The most obvious advantage of rule-based systems is that they are
easily understandable by humans. However, creating complex rule-based
systems takes a lot of time and a good deal of knowledge of both
linguistics and the topics being dealt with in the texts the system is
supposed to analyze.
On top of that, rule-based systems are difficult to scale and
maintain because adding new rules or modifying the existing ones
requires a lot of analysis and testing of the impact of these changes on
the results of the predictions.
Machine Learning-based Systems
Machine Learning based systems can make predictions based on what
they learn from past observations. In other words, these systems need
that you feed them with many examples of texts and the expected
predictions (tags) for each of them.
The more consistent and accurate the samples you have fed the
classifier with are, the better its predictions will be. That set of
tagged texts you feed your system with so that it learns from your texts
is called
training data.
When you train a machine learning-based classifier, training data has
to be transformed into something a machine can understand, that is,
vectors
(i.e. lists of numbers which encode some information). By using
vectors, the system can extract relevant features (pieces of
information) which will help it learn from the existing data and make
predictions about the texts to come.
There are a number of ways of doing this, but one of the most frequently used is known as the
bag of words vectorization. You can learn more about vectorization
here.
Once the texts have been transformed into vectors, they are fed into a
machine learning algorithm together with their expected output to
create a classification model that can choose what features best
represent the texts and make predictions about unseen texts:
The trained model will transform unseen text into a vector, extract its relevant features, and make a prediction:
Machine Learning Algorithms
There are many machine learning algorithms used in text classification. The most frequently used are the
Naive Bayes family of algorithms (NB),
Support Vector Machines (SVM), and
deep learning algorithms.
The
Naive Bayes
family of algorithms is based on Bayes's Theorem and the conditional
probabilities of occurrence of the words of a sample text within the
words of a set of texts that belong to a given tag. Vectors that
represent texts encode information about how likely it is for the words
in the text to occur in the texts of a given tag. With this information,
the probability of a text's belonging to any given tag in the model can
be computed. Once all of the probabilities have been computed for an
input text, the classification model will return the tag with the
highest probability as the output for that input.

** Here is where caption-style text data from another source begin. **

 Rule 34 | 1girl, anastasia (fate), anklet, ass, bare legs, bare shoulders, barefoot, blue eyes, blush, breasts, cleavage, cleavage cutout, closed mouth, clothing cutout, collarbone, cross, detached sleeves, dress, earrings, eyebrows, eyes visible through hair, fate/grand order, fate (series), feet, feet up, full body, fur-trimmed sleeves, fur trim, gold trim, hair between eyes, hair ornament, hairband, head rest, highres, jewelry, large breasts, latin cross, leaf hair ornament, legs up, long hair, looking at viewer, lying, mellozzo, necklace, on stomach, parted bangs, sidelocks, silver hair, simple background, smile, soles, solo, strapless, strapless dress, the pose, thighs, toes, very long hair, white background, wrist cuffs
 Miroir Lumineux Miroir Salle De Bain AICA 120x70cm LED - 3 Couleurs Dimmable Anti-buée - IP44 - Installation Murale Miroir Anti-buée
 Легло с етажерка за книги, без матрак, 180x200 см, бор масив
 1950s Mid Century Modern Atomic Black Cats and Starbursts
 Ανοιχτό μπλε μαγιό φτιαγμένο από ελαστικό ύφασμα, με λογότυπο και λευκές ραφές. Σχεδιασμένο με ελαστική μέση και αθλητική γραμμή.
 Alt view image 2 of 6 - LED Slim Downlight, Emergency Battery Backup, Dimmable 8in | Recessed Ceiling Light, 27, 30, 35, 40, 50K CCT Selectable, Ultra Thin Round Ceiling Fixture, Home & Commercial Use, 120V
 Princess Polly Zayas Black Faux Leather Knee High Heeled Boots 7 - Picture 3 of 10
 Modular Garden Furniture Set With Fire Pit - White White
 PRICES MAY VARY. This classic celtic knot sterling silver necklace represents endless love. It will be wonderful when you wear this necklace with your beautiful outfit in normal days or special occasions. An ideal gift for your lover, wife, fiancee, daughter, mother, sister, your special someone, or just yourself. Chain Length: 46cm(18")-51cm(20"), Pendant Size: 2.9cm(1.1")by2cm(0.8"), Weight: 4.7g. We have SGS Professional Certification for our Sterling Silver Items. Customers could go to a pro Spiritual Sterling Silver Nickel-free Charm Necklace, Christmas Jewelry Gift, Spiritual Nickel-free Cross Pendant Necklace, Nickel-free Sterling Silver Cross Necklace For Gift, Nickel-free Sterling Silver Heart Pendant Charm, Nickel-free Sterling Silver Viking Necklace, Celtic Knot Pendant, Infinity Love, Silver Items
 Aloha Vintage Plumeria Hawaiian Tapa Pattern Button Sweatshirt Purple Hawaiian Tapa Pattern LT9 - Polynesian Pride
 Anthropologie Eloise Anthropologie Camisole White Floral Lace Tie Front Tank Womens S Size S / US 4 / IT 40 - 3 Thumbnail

One of the main advantages of this algorithm is results are pretty good when training data is not much.
Support Vector Machines
(SVM) is an algorithm that can divide a vector space of tagged texts
into two subspaces: one space that contains most of the vectors that
belong to a given tag and another subspace that contains most of the
vectors that do not belong to that one tag.
Classification models that use SVM at their core will transform texts
into vectors and will determine what side of the boundary that divides
the vector space for a given tag those vectors belong to. Based on where
they land, the model will know if they belong to a given tag or not.
The most important advantage of using SVM is that results are usually
better than those obtained if Naive Bayes is used. However, more
computational resources are needed in order to use SVM.
Deep Learning
is a set of algorithms and techniques inspired by how the human brain
works. These algorithms use huge amounts of training data (millions of
examples) to generate semantically rich representations of texts which
can then be fed into machine learning-based models of different kinds
that will make much more accurate predictions than traditional machine
learning models.
Hybrid Systems
Hybrid systems usually contain machine learning-based systems at
their cores and rule-based systems that are used to further improve the
predictions.
Evaluation
Classifier performance is usually evaluated through standard metrics used in the machine learning field. These metrics are
accuracy,
precision,
recall, and
F1 score. Understanding what they mean will give you a clearer idea of how good your classifiers are at analyzing your texts.
It is also important to understand that evaluation can be performed over a
fixed testing set
(i.e. a set of texts for which we know the expected output tags) or by
using cross-validation (i.e. a method that splits your training data
into different folds so that you can use some subsets of your data for
training purposes and some for testing purposes,
see below).
In this section, we will introduce you to the standard performance
metrics and the cross-validation method so that you can better
understand how the performance of your classifiers is evaluated.
Accuracy, Precision, Recall, and F1 score
Accuracy is the number of correct predictions the classifier
has made for a given tag divided by the total number of predictions. In
general, accuracy alone is not a good indicator of performance. For
example, when categories are imbalanced, that is, when there is one
category that contains many more examples than all of the others,
predicting all texts as belonging to that category will return high
accuracy levels. This is known as the
accuracy paradox. To get a better idea of the performance of a classifier, you might want to consider precision and recall instead.
Precision states how many texts were predicted correctly out
of the ones that were predicted as belonging to a given tag. In other
words, precision takes the number of texts that were correctly predicted
as positive for a given tag and divides it by the number of texts that
were predicted (correctly and incorrectly) as belonging to the tag.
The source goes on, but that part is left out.